=== The data ===
----

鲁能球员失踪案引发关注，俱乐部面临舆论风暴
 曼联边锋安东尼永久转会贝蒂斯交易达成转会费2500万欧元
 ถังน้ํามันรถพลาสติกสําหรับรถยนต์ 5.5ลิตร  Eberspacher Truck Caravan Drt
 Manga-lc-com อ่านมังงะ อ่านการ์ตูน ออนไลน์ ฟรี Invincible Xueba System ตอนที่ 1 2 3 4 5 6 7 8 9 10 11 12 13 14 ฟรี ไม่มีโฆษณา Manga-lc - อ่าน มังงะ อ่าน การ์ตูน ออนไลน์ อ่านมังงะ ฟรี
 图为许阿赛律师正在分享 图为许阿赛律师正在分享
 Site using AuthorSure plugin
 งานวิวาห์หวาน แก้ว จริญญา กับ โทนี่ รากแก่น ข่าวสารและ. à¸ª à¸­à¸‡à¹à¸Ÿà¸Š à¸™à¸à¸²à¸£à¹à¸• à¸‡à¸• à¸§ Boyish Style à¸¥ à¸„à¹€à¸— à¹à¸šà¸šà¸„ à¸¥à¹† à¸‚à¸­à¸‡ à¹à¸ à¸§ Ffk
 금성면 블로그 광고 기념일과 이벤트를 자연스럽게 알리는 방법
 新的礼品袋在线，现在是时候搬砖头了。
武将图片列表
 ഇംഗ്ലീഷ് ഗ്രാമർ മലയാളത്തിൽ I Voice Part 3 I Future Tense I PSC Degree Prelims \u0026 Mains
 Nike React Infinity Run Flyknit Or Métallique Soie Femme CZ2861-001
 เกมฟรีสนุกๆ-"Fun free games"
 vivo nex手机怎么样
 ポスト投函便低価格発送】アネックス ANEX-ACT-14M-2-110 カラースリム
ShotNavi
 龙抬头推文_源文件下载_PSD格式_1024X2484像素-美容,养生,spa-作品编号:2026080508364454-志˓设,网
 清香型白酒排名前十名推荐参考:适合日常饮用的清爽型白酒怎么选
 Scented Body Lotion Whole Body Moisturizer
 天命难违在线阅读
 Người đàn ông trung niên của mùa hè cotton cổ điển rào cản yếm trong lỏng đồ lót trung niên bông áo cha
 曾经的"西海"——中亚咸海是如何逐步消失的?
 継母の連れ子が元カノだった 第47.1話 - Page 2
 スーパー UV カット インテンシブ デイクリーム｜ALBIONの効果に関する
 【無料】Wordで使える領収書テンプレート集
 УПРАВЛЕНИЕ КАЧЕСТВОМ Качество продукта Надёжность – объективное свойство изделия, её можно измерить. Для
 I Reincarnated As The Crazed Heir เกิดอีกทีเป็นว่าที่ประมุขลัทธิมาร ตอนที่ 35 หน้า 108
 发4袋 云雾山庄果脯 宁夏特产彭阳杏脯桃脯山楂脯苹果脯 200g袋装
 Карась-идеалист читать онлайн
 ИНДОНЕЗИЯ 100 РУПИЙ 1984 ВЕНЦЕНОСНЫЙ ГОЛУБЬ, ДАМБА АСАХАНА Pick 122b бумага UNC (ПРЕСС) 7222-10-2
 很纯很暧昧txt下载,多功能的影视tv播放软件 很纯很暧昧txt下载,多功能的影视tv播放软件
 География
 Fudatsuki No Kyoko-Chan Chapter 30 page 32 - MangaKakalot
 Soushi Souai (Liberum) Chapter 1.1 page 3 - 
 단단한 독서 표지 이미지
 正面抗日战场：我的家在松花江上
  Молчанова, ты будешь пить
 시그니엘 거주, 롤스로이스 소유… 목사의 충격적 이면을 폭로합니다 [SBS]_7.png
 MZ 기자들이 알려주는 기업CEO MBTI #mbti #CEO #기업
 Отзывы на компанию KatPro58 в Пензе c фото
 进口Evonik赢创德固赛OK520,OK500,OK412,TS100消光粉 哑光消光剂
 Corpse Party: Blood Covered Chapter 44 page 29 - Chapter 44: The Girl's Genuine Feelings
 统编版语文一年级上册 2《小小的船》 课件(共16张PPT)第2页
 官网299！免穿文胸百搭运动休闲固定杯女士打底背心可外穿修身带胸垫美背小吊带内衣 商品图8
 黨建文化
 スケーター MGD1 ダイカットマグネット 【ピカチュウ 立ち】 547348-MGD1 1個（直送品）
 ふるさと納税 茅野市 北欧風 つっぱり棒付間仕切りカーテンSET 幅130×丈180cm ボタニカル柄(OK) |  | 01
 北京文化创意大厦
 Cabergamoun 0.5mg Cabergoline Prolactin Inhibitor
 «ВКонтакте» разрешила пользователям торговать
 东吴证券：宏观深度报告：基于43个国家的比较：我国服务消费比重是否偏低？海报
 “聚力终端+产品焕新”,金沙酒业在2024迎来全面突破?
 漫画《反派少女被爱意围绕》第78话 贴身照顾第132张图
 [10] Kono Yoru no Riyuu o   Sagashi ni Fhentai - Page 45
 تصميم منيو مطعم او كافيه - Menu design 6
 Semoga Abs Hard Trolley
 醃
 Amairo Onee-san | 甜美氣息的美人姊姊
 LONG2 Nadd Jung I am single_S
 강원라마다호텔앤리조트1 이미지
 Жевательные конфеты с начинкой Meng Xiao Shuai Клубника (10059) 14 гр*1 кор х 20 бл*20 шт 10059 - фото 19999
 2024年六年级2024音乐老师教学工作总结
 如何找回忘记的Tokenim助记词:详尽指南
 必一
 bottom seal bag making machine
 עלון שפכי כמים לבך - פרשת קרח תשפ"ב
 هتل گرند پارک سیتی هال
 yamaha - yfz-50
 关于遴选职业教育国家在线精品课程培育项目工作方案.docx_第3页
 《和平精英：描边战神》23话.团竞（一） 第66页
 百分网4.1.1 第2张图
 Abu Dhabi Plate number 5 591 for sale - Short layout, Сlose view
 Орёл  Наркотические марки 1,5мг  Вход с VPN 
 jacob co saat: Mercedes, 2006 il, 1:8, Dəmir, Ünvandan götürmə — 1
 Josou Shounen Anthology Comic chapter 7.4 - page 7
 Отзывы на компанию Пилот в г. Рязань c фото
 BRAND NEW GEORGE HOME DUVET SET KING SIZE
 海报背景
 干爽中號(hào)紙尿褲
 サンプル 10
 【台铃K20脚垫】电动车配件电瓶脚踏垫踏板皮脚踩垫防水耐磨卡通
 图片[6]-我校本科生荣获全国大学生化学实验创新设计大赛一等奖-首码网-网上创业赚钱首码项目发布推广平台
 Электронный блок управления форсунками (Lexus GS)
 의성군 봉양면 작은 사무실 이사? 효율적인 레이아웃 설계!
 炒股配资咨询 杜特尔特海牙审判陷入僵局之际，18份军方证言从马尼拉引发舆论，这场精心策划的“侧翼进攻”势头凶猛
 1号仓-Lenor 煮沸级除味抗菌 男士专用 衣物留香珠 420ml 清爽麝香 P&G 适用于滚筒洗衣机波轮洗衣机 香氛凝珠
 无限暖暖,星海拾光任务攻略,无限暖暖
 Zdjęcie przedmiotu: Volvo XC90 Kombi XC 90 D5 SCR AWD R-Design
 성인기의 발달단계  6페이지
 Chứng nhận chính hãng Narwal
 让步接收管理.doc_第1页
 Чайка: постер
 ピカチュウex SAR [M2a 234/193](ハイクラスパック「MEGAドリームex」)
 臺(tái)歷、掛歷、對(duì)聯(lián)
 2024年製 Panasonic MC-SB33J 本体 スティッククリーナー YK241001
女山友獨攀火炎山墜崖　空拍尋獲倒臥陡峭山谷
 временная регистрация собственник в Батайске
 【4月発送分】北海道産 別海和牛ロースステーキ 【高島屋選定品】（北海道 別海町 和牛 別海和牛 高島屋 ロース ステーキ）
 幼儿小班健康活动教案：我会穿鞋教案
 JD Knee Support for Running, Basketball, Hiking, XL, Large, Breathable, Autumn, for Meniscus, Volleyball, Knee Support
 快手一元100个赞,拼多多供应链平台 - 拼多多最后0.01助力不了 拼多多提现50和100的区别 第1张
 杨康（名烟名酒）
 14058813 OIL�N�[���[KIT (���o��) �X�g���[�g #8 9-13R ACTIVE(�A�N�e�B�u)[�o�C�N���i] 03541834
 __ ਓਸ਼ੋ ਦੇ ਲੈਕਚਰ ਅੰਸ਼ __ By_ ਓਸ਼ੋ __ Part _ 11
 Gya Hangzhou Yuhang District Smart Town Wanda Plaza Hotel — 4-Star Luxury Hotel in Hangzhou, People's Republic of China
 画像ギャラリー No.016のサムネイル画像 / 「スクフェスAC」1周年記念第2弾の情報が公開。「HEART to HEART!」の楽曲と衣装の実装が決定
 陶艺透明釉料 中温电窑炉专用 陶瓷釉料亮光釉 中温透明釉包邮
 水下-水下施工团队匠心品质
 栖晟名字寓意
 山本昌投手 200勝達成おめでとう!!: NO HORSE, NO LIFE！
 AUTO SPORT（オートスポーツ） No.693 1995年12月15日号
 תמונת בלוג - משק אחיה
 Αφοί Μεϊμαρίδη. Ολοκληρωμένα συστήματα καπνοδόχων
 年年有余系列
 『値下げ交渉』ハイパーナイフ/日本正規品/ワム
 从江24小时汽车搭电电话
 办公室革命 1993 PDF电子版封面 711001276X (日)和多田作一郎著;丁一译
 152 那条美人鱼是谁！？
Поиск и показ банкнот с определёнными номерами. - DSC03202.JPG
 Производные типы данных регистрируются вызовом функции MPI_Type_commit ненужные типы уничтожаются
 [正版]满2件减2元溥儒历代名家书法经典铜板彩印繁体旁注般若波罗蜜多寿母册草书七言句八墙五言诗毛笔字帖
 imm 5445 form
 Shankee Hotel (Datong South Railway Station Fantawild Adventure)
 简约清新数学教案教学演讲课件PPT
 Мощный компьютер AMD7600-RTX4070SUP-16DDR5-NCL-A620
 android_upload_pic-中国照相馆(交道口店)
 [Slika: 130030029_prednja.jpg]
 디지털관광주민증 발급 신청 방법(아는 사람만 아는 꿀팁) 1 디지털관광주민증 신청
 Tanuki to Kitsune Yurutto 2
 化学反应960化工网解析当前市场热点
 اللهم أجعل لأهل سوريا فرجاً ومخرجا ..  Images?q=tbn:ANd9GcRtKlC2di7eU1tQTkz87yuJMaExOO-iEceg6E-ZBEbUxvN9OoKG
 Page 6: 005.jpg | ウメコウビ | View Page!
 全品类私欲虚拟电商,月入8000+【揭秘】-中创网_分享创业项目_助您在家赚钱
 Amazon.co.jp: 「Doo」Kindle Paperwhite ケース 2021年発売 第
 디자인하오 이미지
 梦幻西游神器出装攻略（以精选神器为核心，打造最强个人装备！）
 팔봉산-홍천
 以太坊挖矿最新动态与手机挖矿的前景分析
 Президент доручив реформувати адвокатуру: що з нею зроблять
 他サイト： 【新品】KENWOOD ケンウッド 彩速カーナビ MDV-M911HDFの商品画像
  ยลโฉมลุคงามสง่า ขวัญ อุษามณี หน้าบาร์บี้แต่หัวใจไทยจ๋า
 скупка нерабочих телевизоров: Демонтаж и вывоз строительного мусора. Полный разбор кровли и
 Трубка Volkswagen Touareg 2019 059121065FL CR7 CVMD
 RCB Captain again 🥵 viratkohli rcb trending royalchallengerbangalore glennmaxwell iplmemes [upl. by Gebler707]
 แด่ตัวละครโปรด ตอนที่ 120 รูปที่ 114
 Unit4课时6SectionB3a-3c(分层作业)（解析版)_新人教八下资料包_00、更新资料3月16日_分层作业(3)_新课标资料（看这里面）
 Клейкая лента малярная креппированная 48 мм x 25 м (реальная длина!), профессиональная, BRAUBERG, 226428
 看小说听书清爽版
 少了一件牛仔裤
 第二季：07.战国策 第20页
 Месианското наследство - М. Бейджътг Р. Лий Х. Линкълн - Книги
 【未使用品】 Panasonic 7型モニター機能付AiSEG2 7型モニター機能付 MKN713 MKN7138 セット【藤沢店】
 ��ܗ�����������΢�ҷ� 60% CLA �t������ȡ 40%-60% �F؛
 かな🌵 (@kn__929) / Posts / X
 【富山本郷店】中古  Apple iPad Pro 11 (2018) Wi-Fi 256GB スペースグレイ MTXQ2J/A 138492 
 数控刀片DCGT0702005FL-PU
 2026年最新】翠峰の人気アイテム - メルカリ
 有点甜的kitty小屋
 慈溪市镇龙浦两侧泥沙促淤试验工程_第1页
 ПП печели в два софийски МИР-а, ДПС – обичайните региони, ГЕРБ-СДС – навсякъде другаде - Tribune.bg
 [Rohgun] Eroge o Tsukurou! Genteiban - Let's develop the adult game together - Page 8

----

=== Required action ===
Reproduce verbatim the lines above, from the line with "Corpse Party: Blood" through the line with "jacob co saat: Mercedes, 2006".

=== Result of this task ===
 Corpse Party: Blood Covered Chapter 44 page 29 - Chapter 44: The Girl's Genuine Feelings
 统编版语文一年级上册 2《小小的船》 课件(共16张PPT)第2页
 官网299！免穿文胸百搭运动休闲固定杯女士打底背心可外穿修身带胸垫美背小吊带内衣 商品图8
 黨建文化
 スケーター MGD1 ダイカットマグネット 【ピカチュウ 立ち】 547348-MGD1 1個（直送品）
 ふるさと納税 茅野市 北欧風 つっぱり棒付間仕切りカーテンSET 幅130×丈180cm ボタニカル柄(OK) |  | 01
 北京文化创意大厦
 Cabergamoun 0.5mg Cabergoline Prolactin Inhibitor
 «ВКонтакте» разрешила пользователям торговать
 东吴证券：宏观深度报告：基于43个国家的比较：我国服务消费比重是否偏低？海报
 “聚力终端+产品焕新”,金沙酒业在2024迎来全面突破?
 漫画《反派少女被爱意围绕》第78话 贴身照顾第132张图
 [10] Kono Yoru no Riyuu o   Sagashi ni Fhentai - Page 45
 تصميم منيو مطعم او كافيه - Menu design 6
 Semoga Abs Hard Trolley
 醃
 Amairo Onee-san | 甜美氣息的美人姊姊
 LONG2 Nadd Jung I am single_S
 강원라마다호텔앤리조트1 이미지
 Жевательные конфеты с начинкой Meng Xiao Shuai Клубника (10059) 14 гр*1 кор х 20 бл*20 шт 10059 - фото 19999
 2024年六年级2024音乐老师教学工作总结
 如何找回忘记的Tokenim助记词:详尽指南
 必一
 bottom seal bag making machine
 עלון שפכי כמים לבך - פרשת קרח תשפ"ב
 هتل گرند پارک سیتی هال
 yamaha - yfz-50
 关于遴选职业教育国家在线精品课程培育项目工作方案.docx_第3页
 《和平精英：描边战神》23话.团竞（一） 第66页
 百分网4.1.1 第2张图
 Abu Dhabi Plate number 5 591 for sale - Short layout, Сlose view
 Орёл  Наркотические марки 1,5мг  Вход с VPN 
 jacob co saat: Mercedes, 2006 il, 1:8, Dəmir, Ünvandan götürmə — 1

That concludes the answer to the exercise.